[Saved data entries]
————————

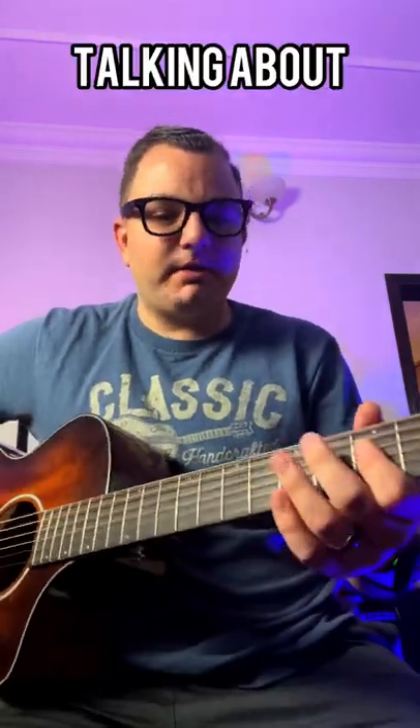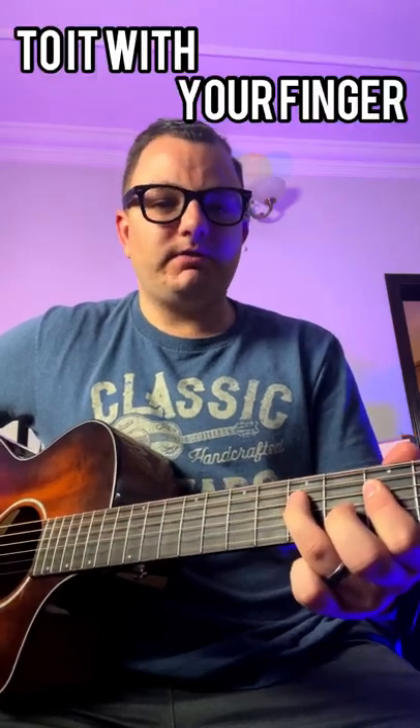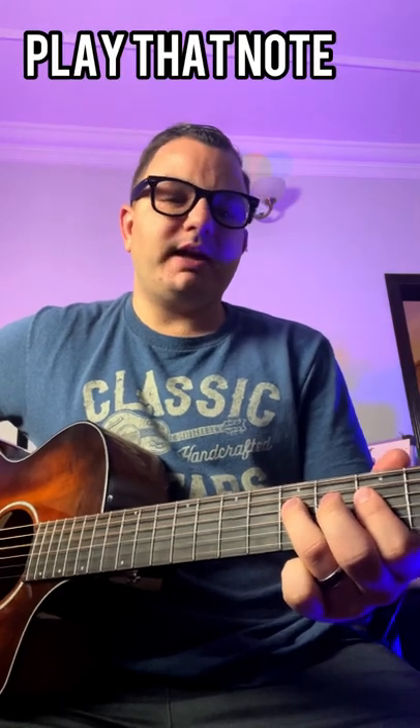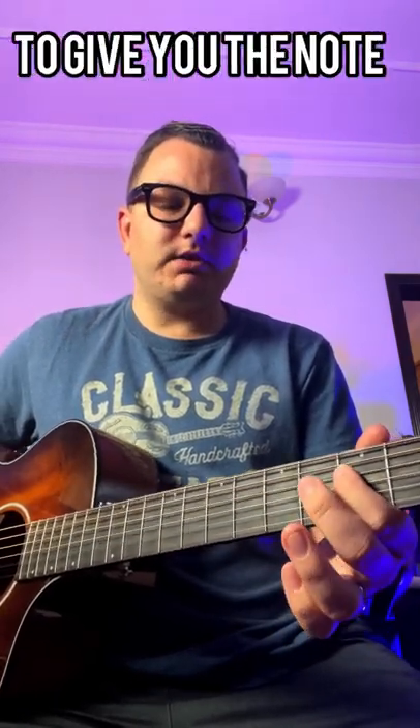What we're actually talking about is taking one pluck of the string and adding a next note to it with your finger — that is hammering on. And if you're going to pull off, you're going to play that note and then pull off your finger, flicking the string to give you the note behind it.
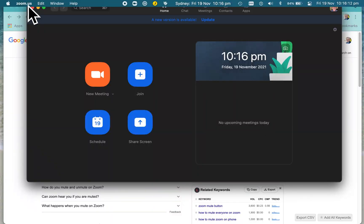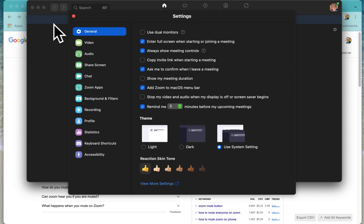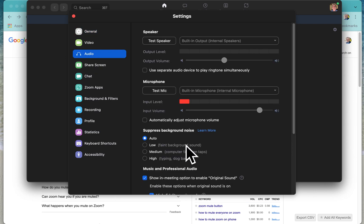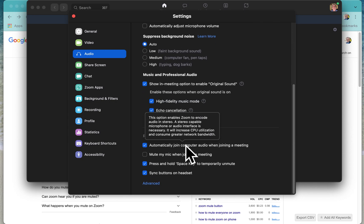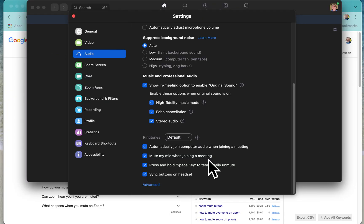If you want to be on mute every time you join a meeting, open the Zoom app, go to zoom.us and then Preferences. Under Audio, you'll find the option that says "Mute my mic when joining a meeting." That will automatically have your microphone turned off until you turn it on, so as soon as you join the meeting your mic will be on mute.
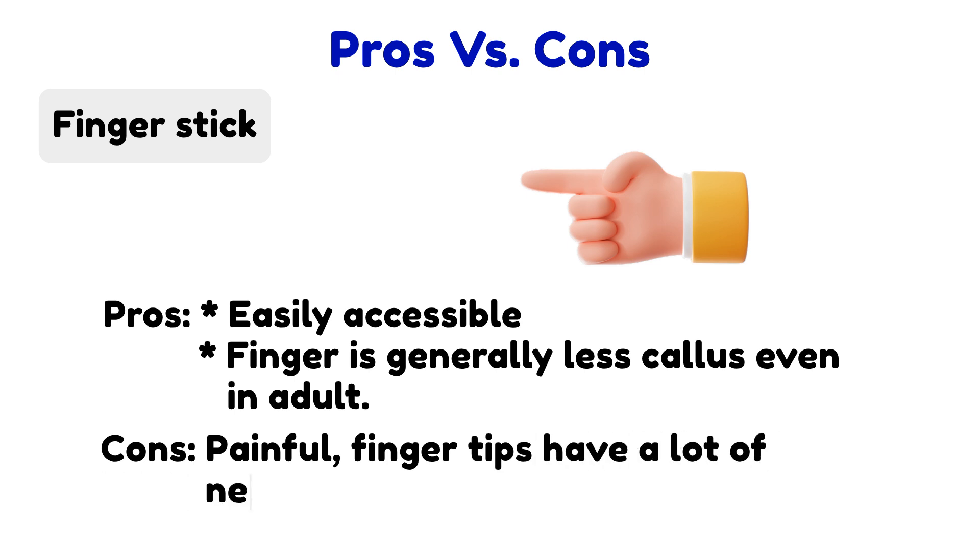Cons: it hurts. The tips of our fingers have a lot of nerve endings. Those nerves deliver messages to your brain when you touch something — we pull our fingers away if what we touch is too hot or too cold. So when our fingertip is damaged, it really hurts. When is it appropriate to use this method? When you need to collect a small amount of blood for testing — for instance, hematocrit testing to determine donor eligibility for blood donations.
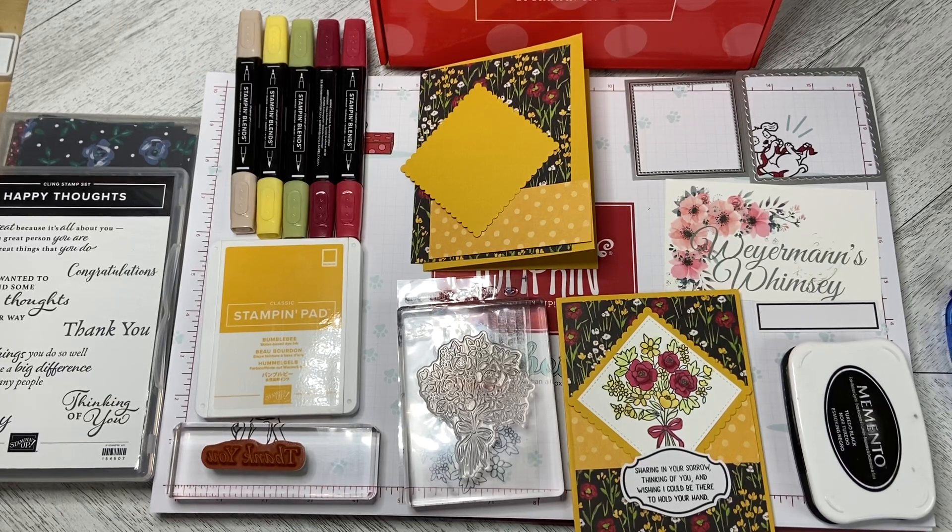Hello and welcome back to Wireman's Whimsy. We are going to do another out-of-the-box card with the February 2021 Paper Pumpkin set.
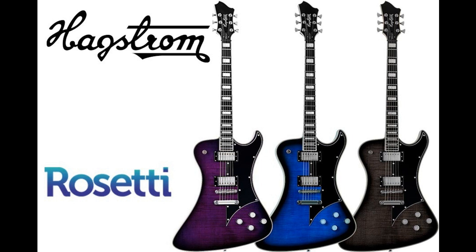UK distributor Rossetti are pleased to announce that Hagstrom have added three new finishes to their Phantomen Special model, with flame maple tops and black nickel hardware. A collaboration between the design team at Hagstrom and the Swedish band Ghost, Phantomen — Swedish for 'the Phantom' — transports Hagstrom's legendary playability and technical excellence into a new, edgier realm.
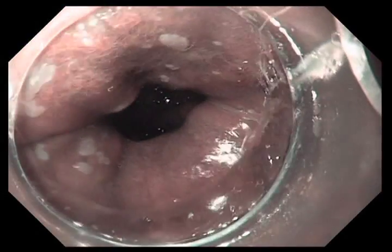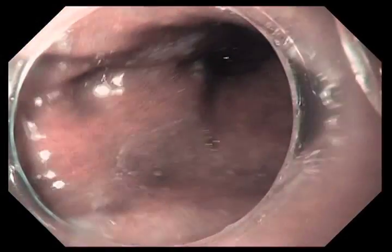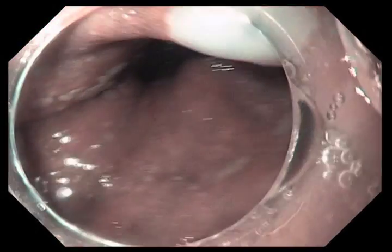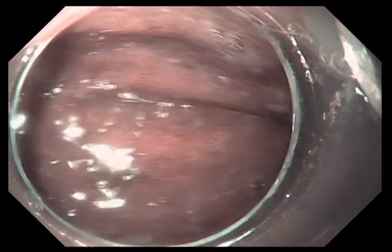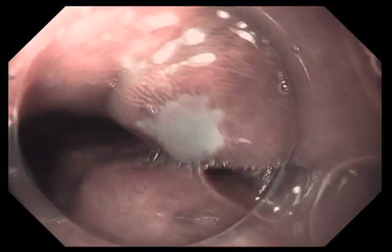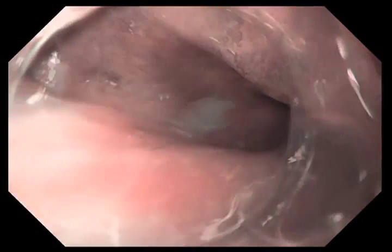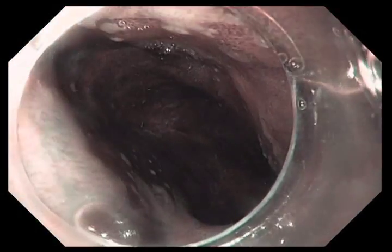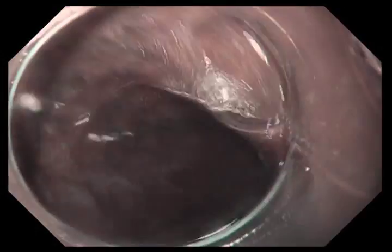We've just switched to NBI. The narrowband imaging technology filters light in a way that blue light is the main light used. This highlights the blood vessels in the epithelium, and by highlighting the blood vessels we can get a better idea of the vascular and mucosal pattern. What we're looking for are areas that might show high grade dysplasia.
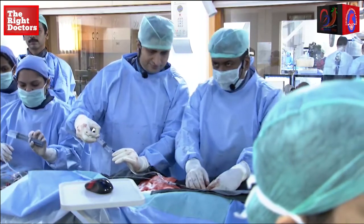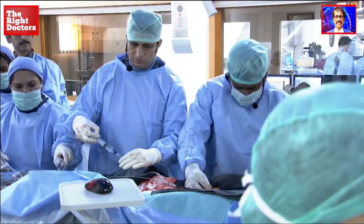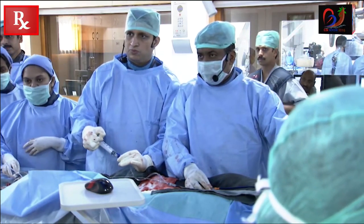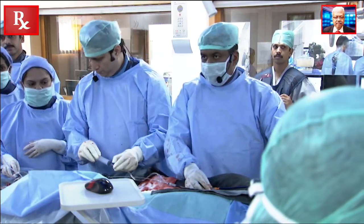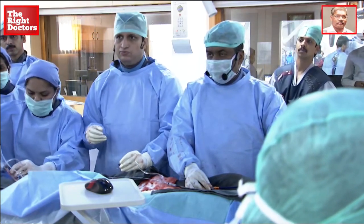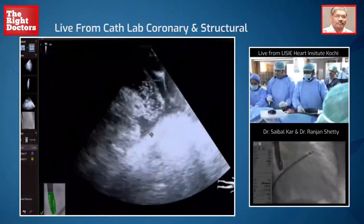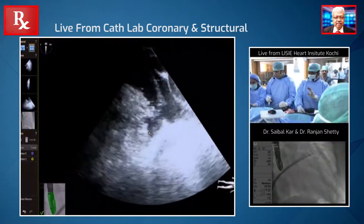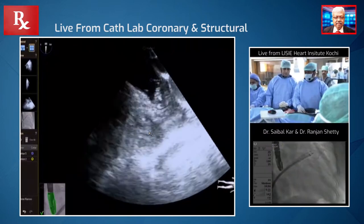Okay, great. So we managed to put the sheath into the atrial appendage. We mentioned about twenty — we've taken a twenty-four device and we've placed it at the tip of the appendage, but it's a very risky position, so I just have to be careful.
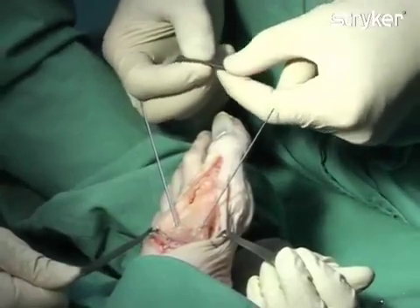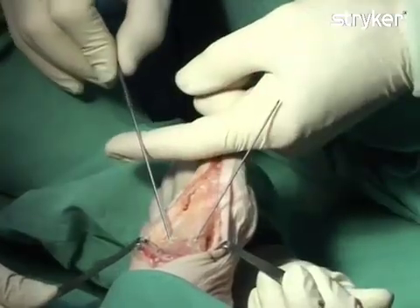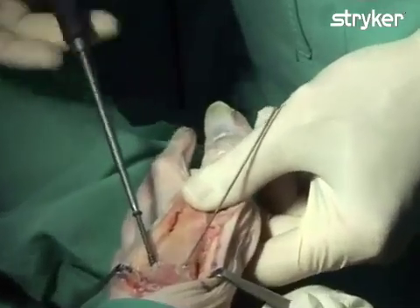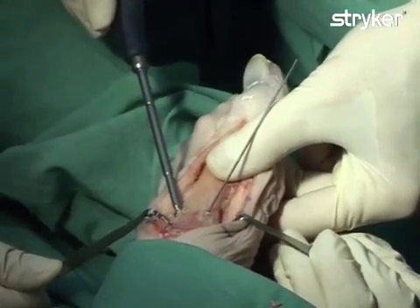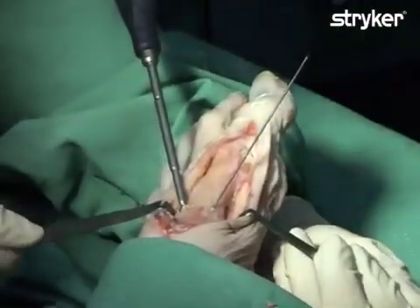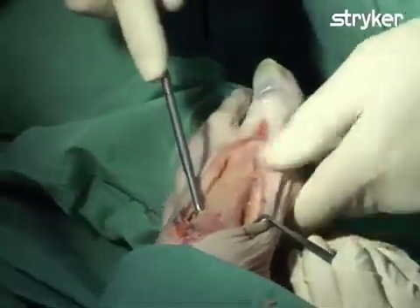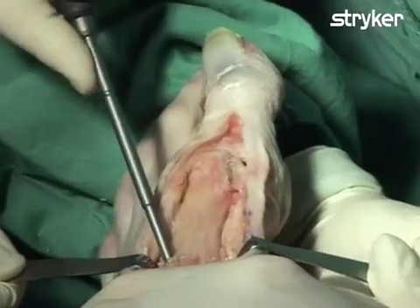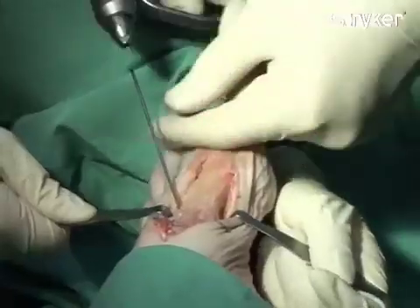An ASSIS III 4.0 mm diameter self-drilling and self-tapping cannulated screw is now inserted over the K-wire. The cannulated screwdriver is then used to insert the screw into bone. The screw is advanced until the screw head makes contact with the cortex. Before final tightening, the opposing crossing K-wire must be removed, as it will prevent compression from occurring. The ASSIS III 4.0 mm screw is now tightened and the K-wire is then removed.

————————

WORK ORDER: The answer is the entries above, given again exactly, with no pictures among them.

SOLUTION TO THIS PROBLEM:
What we're actually talking about is taking one pluck of the string and adding a next note to it with your finger — that is hammering on. And if you're going to pull off, you're going to play that note and then pull off your finger, flicking the string to give you the note behind it.
If you want to be on mute every time you join a meeting, open the Zoom app, go to zoom.us and then Preferences. Under Audio, you'll find the option that says "Mute my mic when joining a meeting." That will automatically have your microphone turned off until you turn it on, so as soon as you join the meeting your mic will be on mute.
Cons: it hurts. The tips of our fingers have a lot of nerve endings. Those nerves deliver messages to your brain when you touch something — we pull our fingers away if what we touch is too hot or too cold. So when our fingertip is damaged, it really hurts. When is it appropriate to use this method? When you need to collect a small amount of blood for testing — for instance, hematocrit testing to determine donor eligibility for blood donations.
Hello and welcome back to Wireman's Whimsy. We are going to do another out-of-the-box card with the February 2021 Paper Pumpkin set.
UK distributor Rossetti are pleased to announce that Hagstrom have added three new finishes to their Phantomen Special model, with flame maple tops and black nickel hardware. A collaboration between the design team at Hagstrom and the Swedish band Ghost, Phantomen — Swedish for 'the Phantom' — transports Hagstrom's legendary playability and technical excellence into a new, edgier realm.
We've just switched to NBI. The narrowband imaging technology filters light in a way that blue light is the main light used. This highlights the blood vessels in the epithelium, and by highlighting the blood vessels we can get a better idea of the vascular and mucosal pattern. What we're looking for are areas that might show high grade dysplasia.
Okay, great. So we managed to put the sheath into the atrial appendage. We mentioned about twenty — we've taken a twenty-four device and we've placed it at the tip of the appendage, but it's a very risky position, so I just have to be careful.
An ASSIS III 4.0 mm diameter self-drilling and self-tapping cannulated screw is now inserted over the K-wire. The cannulated screwdriver is then used to insert the screw into bone. The screw is advanced until the screw head makes contact with the cortex. Before final tightening, the opposing crossing K-wire must be removed, as it will prevent compression from occurring. The ASSIS III 4.0 mm screw is now tightened and the K-wire is then removed.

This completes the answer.